◆ **INSTRUCTIONS FOR THE TASK**
For the entries below, the result should be an exact transcription of the lines from the one with "Real love is" up to and including the one with "Person using a", and only those.

________________

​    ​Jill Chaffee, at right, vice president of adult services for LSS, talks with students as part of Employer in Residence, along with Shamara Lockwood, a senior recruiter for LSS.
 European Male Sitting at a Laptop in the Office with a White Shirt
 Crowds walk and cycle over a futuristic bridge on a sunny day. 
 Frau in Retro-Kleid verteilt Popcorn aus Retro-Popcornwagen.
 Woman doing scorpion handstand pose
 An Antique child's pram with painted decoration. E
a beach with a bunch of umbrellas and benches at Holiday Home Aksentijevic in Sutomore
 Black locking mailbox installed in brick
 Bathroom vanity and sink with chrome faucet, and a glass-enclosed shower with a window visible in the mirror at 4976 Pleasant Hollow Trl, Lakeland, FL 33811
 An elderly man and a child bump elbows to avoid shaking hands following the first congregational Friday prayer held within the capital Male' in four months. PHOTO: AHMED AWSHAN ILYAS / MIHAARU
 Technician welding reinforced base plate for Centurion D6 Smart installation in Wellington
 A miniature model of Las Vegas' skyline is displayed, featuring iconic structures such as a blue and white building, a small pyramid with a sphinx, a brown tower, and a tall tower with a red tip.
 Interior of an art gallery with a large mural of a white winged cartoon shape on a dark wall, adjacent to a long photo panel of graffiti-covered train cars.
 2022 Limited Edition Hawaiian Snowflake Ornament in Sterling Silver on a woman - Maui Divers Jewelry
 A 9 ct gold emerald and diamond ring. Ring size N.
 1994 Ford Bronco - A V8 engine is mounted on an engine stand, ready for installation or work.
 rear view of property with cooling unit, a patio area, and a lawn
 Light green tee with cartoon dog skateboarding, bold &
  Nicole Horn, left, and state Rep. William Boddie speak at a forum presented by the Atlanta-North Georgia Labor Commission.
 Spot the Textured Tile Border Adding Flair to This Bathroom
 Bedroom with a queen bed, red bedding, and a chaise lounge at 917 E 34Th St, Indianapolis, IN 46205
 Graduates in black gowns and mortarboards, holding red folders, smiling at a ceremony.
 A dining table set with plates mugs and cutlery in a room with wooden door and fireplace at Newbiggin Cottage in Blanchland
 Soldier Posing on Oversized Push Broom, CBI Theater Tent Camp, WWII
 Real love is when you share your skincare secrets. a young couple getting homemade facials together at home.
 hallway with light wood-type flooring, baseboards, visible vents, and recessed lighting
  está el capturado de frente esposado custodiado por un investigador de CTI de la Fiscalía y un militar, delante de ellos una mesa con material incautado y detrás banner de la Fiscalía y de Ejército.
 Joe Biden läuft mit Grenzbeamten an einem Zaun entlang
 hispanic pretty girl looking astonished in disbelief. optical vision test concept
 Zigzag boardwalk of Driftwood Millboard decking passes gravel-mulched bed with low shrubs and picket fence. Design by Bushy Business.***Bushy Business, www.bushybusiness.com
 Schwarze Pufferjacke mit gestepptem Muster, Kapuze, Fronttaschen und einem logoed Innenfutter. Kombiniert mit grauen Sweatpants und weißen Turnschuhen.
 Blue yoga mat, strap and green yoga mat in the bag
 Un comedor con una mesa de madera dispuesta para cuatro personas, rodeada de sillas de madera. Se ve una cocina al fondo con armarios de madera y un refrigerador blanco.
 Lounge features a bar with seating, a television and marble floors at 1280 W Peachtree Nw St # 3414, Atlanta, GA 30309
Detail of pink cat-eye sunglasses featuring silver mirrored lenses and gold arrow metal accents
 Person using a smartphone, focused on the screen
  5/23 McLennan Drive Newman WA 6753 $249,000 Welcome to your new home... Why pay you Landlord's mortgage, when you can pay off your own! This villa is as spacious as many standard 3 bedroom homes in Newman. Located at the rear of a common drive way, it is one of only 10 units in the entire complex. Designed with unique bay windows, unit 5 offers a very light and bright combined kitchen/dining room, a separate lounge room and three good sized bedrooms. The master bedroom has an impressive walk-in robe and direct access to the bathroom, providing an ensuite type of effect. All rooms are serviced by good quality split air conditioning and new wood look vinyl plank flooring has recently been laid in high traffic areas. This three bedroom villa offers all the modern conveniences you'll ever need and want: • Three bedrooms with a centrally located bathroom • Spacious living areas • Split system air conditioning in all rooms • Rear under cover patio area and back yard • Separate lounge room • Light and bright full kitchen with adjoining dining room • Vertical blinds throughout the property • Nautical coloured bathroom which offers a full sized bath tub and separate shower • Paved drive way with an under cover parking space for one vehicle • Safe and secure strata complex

________________

◆ **SOLUTION BELOW**
 Real love is when you share your skincare secrets. a young couple getting homemade facials together at home.
 hallway with light wood-type flooring, baseboards, visible vents, and recessed lighting
  está el capturado de frente esposado custodiado por un investigador de CTI de la Fiscalía y un militar, delante de ellos una mesa con material incautado y detrás banner de la Fiscalía y de Ejército.
 Joe Biden läuft mit Grenzbeamten an einem Zaun entlang
 hispanic pretty girl looking astonished in disbelief. optical vision test concept
 Zigzag boardwalk of Driftwood Millboard decking passes gravel-mulched bed with low shrubs and picket fence. Design by Bushy Business.***Bushy Business, www.bushybusiness.com
 Schwarze Pufferjacke mit gestepptem Muster, Kapuze, Fronttaschen und einem logoed Innenfutter. Kombiniert mit grauen Sweatpants und weißen Turnschuhen.
 Blue yoga mat, strap and green yoga mat in the bag
 Un comedor con una mesa de madera dispuesta para cuatro personas, rodeada de sillas de madera. Se ve una cocina al fondo con armarios de madera y un refrigerador blanco.
 Lounge features a bar with seating, a television and marble floors at 1280 W Peachtree Nw St # 3414, Atlanta, GA 30309
Detail of pink cat-eye sunglasses featuring silver mirrored lenses and gold arrow metal accents
 Person using a smartphone, focused on the screen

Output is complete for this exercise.